33-letni ojciec chłopca został oskarżony o znęcanie się nad swoim synem i spowodowanie u niego obrażeń, gdy ten miał pięć miesięcy. Natomiast 31-letnia matka, jak podała prok. Ewa Dziadczyk, stanie przed Sądem Rejonowym w Koszalinie pod zarzutem narażenia chłopca na bezpośrednie niebezpieczeństwo utraty życia lub ciężkiego uszczerbku na zdrowiu.

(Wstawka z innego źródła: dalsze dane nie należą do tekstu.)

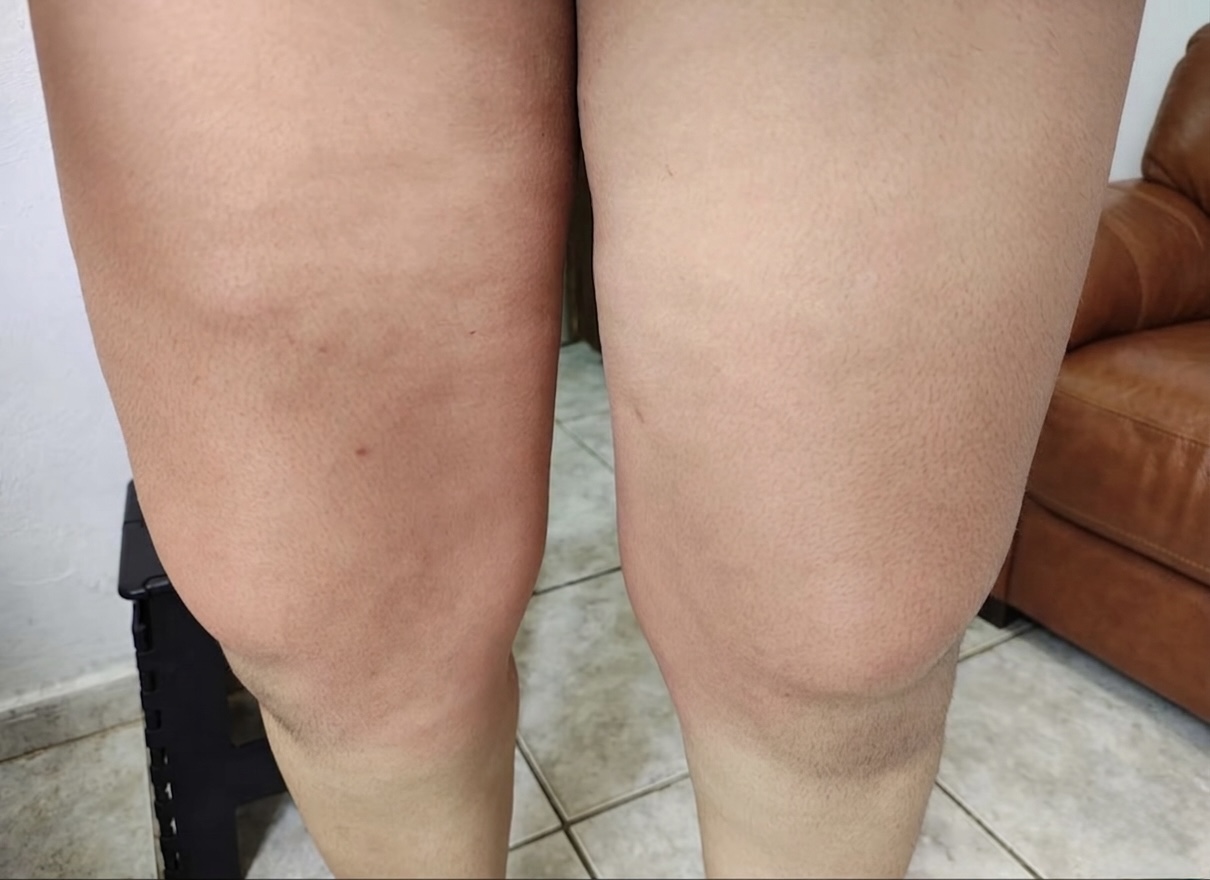 Antes e depois do uso de SunBun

"Oskarżony szarpał dziecko, wyzywał słowami wulgarnymi, a 1 listopada 2024 r., będąc pod wpływem alkoholu, uderzył kilka razy chłopca, powodując u niego między innymi liczne stłuczenia głowy i złamania kości podudzia i przedramienia" – poinformowała prok. Dziadczyk o ustaleniach w zakończonym śledztwie. Matka chłopca pozostawiła syna z pijanym ojcem i sama sprawowała nad nim opiekę będąc pod wpływem alkoholu. W chwili zatrzymania oboje rodzice byli mieli alkohol w organizmie, mężczyzna prawie promil, kobieta niespełna pół promila.
Wobec ojca chłopca zastosowany został tymczasowy areszt, wobec matki dozór policji.